Dapat disimpulkan bahwa KUH Perdata tidak melarang bagi seseorang untuk membuat
perjanjian dengan pihak manapun yang dikehendaki. Undang-undang hanya menentukan bahwa
orang-orang tertentu tidak cakap untuk membuat perjanjian. Setiap orang bebas untuk memilih
pihak dengan siapa membuat perjanjian, asalkan pihak tersebut bukan pihak yang tidak cakap
untuk membuat perjanjian. Bahkan, apabila seseorang membuat perjanjian dengan lainnya yang
menurut undang-undang tidak cakap membuat perjanjian, maka perjanjian tetap sah selama tidak
dituntut pembatalannya oleh pihak yang tidak cakap.

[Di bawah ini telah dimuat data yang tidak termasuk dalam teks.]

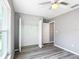 Neutral bedroom features vinyl floors, ceiling fan, and closet with shelving at 201 Locust Rd, Ocala, FL 34472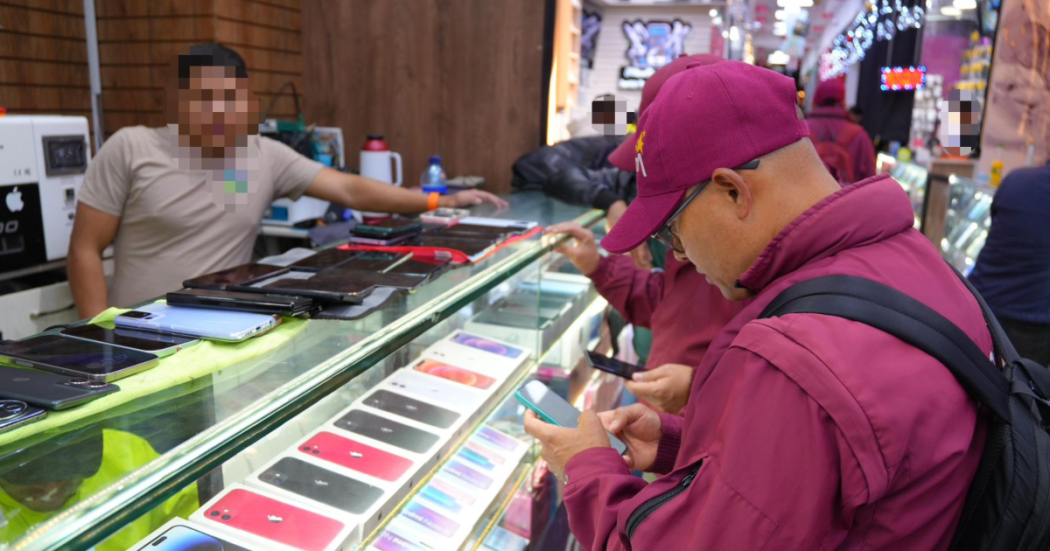 Imagen de un funcionario de la secretaría de seguridad revisando un celular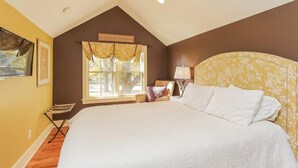 Un dormitorio con una cama grande, una ventana con cortinas, una lámpara y una silla.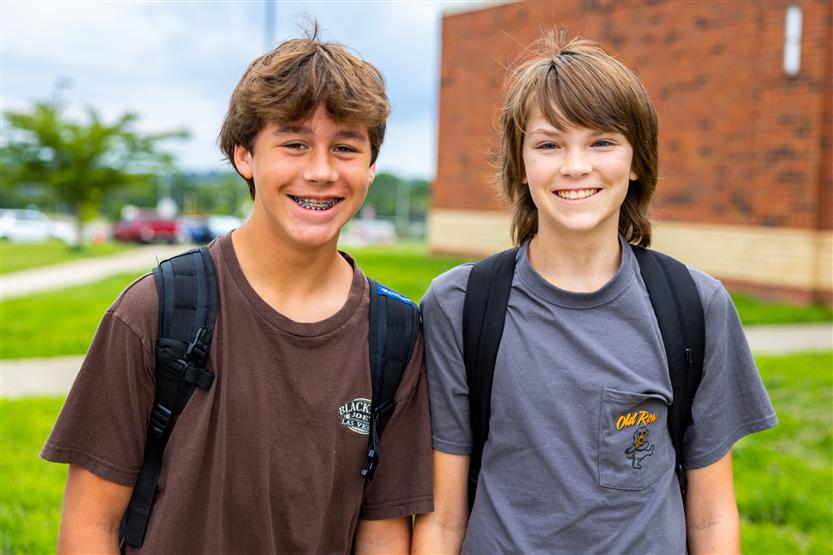 Two students smile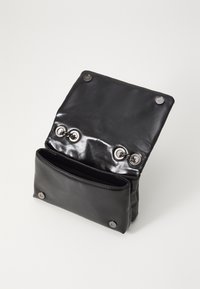Borsa nera in pelle con finitura lucida, dotata di chiusura a ribalta e due bottoni a pressione argentati. L'interno ha un unico scomparto principale.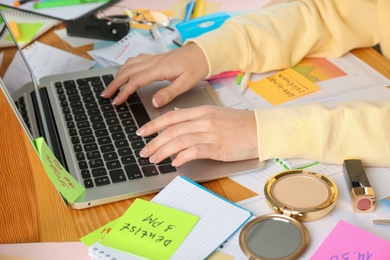 Photo of Woman using laptop at messy table, closeup. Concept of being overwhelmed by work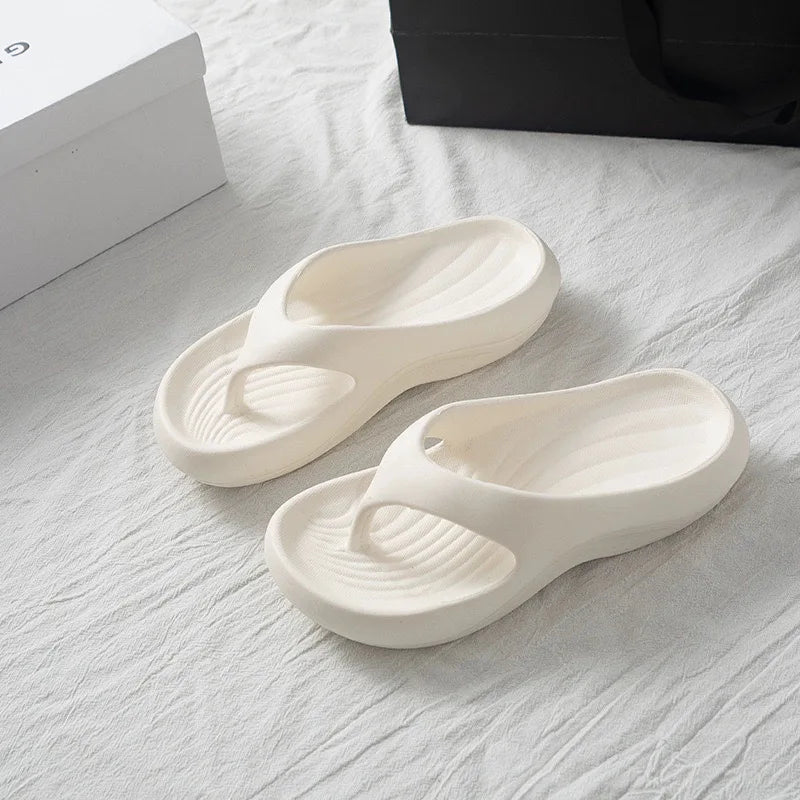 Women’s stylish EVA flip-flops by Showlu Fashion Store featuring soft, anti-slip, anti-odor soles, perfect for beach and summer casual wear.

4. Pasal 1332 KUH Perdata menyatakan “hanya barang-barang yang dapat diperdagangkan
saja dapat menjadi pokok perjanjian-perjanjian”. Pasal ini menegaskan bahwa asalkan
menyangkut barang-barang yang bernilai ekonomis, maka setiap orang bebas untuk
memperjanjikannya.
5. Pasal 1335 KUH Perdata yang melarang dibuatnya kontrak tanpa causa, atau dibuat
berdasarkan causa yang palsu atau yang terlarang, dengan konsekuensi tidaklah
mempunyai kekuatan.
6. Pasal 1338 ayat (3) KUH Perdata yang menetapkan bahwa kontrak harus dilaksanakan
dengan itikad baik.
7. Pasal 1339 KUH Perdata, menunjuk terikatnya perjanjian kepada sifat, kepatutan,
kebiasaan dan unang-undang. Kebiasaan yang dimaksud bukanlah kebiasaan setempat,
akan tetapi ketentuan-ketentuan yang dalam kalangan tertentu selalu diperhatikan.
8. Pasal 1347 KUH Perdata mengatur mengenai hal-hal yang menurut kebiasaan selamanya
disetujui untuk secara diam-diam dimasukkan dalam kontrak.
9. Ketentuan Buku III KUH Perdata kebanyakan bersifat hukum pelengkap (anvullend
recht, optional) artinya para pihak dapat secara bebas membuat syarat-syarat atau aturan
tersendiri dalam suatu perjanjian menyimpang dari ketentuan undang-undang, namun jika
para pihak tidak mengatur dalam perjanjian, maka ketentuan Buku III KUH Perdata akan
melengkapinya untuk mencegah adanya kekosongan hukum sesuai dengan isi materi
perjanjian yang dikehendaki para pihak.
10. Buku III KUH Perdata, tidak melarang kepada seseorang untuk membuat perjanjian itu
dalam bentuk tertentu, sehingga para pihak dapat secara bebas untuk membuat perjanjian
secara lisan ataupun tertulis, terkecuali untuk perjanjian tertentu harus dalam bentuk akta
otentik.

B. Berdasarkan analisa kebebasan berkontrak , maka :

Seharusnya jika ingin membuat perjanjian dalam bentuk lisan, para pihak perlu mempre-
diksi terlebih dahulu mengenai akibat atau kerugian yang ditimbulkan jika terjadi
wanprestasi, karena perjanjian lisan sangat mudah untuk disangkal atau tidak diakui.
Disarankan agar tidak menggunakan perjanjian dalam bentuk lisan jika hubungan
hukumnya kompleks dan dapat menimbulkan kerugian yang besar jika terjadi
wanprestasi. Jika ingin tetap membuat perjanjian dalam bentuk lisan, para pihak
disarankan untuk menggunakan saksi. Saksi dapat mencegah suatu perjanjian lisan
disangkal/tidak diakui, karena seseorang akan berpikir dua kali jika ingin
menyangkal/tidak mengakui perjanjian lisan tersebut. Jika perjanjian lisan tersebut tetap
tidak diakui, saksi dapat dijadikan alat bukti untuk membuktikan perjanjian lisan tersebut.